(Entries taken from a collection)
···
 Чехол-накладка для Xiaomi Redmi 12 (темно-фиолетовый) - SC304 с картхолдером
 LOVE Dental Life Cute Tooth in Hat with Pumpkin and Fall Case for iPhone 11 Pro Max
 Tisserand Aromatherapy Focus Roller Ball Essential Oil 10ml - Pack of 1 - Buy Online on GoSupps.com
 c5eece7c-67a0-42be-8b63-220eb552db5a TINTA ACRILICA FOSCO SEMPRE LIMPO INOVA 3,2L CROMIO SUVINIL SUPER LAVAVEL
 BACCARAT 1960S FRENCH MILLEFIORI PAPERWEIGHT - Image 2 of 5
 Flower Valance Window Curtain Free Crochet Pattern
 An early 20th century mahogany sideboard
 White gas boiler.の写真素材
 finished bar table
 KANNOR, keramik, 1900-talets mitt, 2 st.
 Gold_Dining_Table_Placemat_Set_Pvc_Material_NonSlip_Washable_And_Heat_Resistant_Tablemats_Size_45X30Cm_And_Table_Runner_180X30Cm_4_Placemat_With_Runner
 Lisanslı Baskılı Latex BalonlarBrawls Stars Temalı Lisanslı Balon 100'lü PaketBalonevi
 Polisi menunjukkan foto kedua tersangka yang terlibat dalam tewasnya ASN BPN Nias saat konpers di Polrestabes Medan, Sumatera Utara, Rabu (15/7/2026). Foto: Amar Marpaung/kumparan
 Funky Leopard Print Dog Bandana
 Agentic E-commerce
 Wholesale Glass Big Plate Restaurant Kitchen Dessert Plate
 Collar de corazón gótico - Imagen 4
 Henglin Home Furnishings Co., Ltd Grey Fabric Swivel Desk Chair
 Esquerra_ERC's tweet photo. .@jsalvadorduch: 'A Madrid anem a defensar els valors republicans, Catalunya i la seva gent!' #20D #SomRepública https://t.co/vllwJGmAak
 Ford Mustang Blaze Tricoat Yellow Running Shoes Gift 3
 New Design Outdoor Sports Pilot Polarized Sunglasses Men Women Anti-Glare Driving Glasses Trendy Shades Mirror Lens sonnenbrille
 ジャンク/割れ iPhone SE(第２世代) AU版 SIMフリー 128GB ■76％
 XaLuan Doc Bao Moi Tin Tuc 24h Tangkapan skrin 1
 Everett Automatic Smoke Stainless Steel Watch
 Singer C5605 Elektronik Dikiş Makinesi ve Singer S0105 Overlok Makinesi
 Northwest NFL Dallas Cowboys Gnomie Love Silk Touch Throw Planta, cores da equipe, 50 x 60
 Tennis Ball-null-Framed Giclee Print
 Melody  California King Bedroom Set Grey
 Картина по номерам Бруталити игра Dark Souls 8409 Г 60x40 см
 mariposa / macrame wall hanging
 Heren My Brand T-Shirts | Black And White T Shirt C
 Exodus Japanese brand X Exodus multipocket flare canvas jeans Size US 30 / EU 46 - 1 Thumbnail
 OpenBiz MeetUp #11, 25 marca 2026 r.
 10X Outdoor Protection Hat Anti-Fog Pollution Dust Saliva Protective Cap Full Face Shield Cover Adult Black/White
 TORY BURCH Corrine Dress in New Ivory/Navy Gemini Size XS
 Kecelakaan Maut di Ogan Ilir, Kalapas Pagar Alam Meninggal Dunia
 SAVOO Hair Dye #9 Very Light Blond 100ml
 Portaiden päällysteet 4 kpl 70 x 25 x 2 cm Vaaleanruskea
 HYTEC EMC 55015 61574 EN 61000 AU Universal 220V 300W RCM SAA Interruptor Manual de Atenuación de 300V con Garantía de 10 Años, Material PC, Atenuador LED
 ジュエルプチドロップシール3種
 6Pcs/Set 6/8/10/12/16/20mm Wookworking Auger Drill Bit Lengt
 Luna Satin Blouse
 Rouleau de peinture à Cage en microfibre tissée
···
> **Required action**
The records must each be output verbatim, with nothing left out.

> **Task solution**
 Чехол-накладка для Xiaomi Redmi 12 (темно-фиолетовый) - SC304 с картхолдером
 LOVE Dental Life Cute Tooth in Hat with Pumpkin and Fall Case for iPhone 11 Pro Max
 Tisserand Aromatherapy Focus Roller Ball Essential Oil 10ml - Pack of 1 - Buy Online on GoSupps.com
 c5eece7c-67a0-42be-8b63-220eb552db5a TINTA ACRILICA FOSCO SEMPRE LIMPO INOVA 3,2L CROMIO SUVINIL SUPER LAVAVEL
 BACCARAT 1960S FRENCH MILLEFIORI PAPERWEIGHT - Image 2 of 5
 Flower Valance Window Curtain Free Crochet Pattern
 An early 20th century mahogany sideboard
 White gas boiler.の写真素材
 finished bar table
 KANNOR, keramik, 1900-talets mitt, 2 st.
 Gold_Dining_Table_Placemat_Set_Pvc_Material_NonSlip_Washable_And_Heat_Resistant_Tablemats_Size_45X30Cm_And_Table_Runner_180X30Cm_4_Placemat_With_Runner
 Lisanslı Baskılı Latex BalonlarBrawls Stars Temalı Lisanslı Balon 100'lü PaketBalonevi
 Polisi menunjukkan foto kedua tersangka yang terlibat dalam tewasnya ASN BPN Nias saat konpers di Polrestabes Medan, Sumatera Utara, Rabu (15/7/2026). Foto: Amar Marpaung/kumparan
 Funky Leopard Print Dog Bandana
 Agentic E-commerce
 Wholesale Glass Big Plate Restaurant Kitchen Dessert Plate
 Collar de corazón gótico - Imagen 4
 Henglin Home Furnishings Co., Ltd Grey Fabric Swivel Desk Chair
 Esquerra_ERC's tweet photo. .@jsalvadorduch: 'A Madrid anem a defensar els valors republicans, Catalunya i la seva gent!' #20D #SomRepública https://t.co/vllwJGmAak
 Ford Mustang Blaze Tricoat Yellow Running Shoes Gift 3
 New Design Outdoor Sports Pilot Polarized Sunglasses Men Women Anti-Glare Driving Glasses Trendy Shades Mirror Lens sonnenbrille
 ジャンク/割れ iPhone SE(第２世代) AU版 SIMフリー 128GB ■76％
 XaLuan Doc Bao Moi Tin Tuc 24h Tangkapan skrin 1
 Everett Automatic Smoke Stainless Steel Watch
 Singer C5605 Elektronik Dikiş Makinesi ve Singer S0105 Overlok Makinesi
 Northwest NFL Dallas Cowboys Gnomie Love Silk Touch Throw Planta, cores da equipe, 50 x 60
 Tennis Ball-null-Framed Giclee Print
 Melody  California King Bedroom Set Grey
 Картина по номерам Бруталити игра Dark Souls 8409 Г 60x40 см
 mariposa / macrame wall hanging
 Heren My Brand T-Shirts | Black And White T Shirt C
 Exodus Japanese brand X Exodus multipocket flare canvas jeans Size US 30 / EU 46 - 1 Thumbnail
 OpenBiz MeetUp #11, 25 marca 2026 r.
 10X Outdoor Protection Hat Anti-Fog Pollution Dust Saliva Protective Cap Full Face Shield Cover Adult Black/White
 TORY BURCH Corrine Dress in New Ivory/Navy Gemini Size XS
 Kecelakaan Maut di Ogan Ilir, Kalapas Pagar Alam Meninggal Dunia
 SAVOO Hair Dye #9 Very Light Blond 100ml
 Portaiden päällysteet 4 kpl 70 x 25 x 2 cm Vaaleanruskea
 HYTEC EMC 55015 61574 EN 61000 AU Universal 220V 300W RCM SAA Interruptor Manual de Atenuación de 300V con Garantía de 10 Años, Material PC, Atenuador LED
 ジュエルプチドロップシール3種
 6Pcs/Set 6/8/10/12/16/20mm Wookworking Auger Drill Bit Lengt
 Luna Satin Blouse
 Rouleau de peinture à Cage en microfibre tissée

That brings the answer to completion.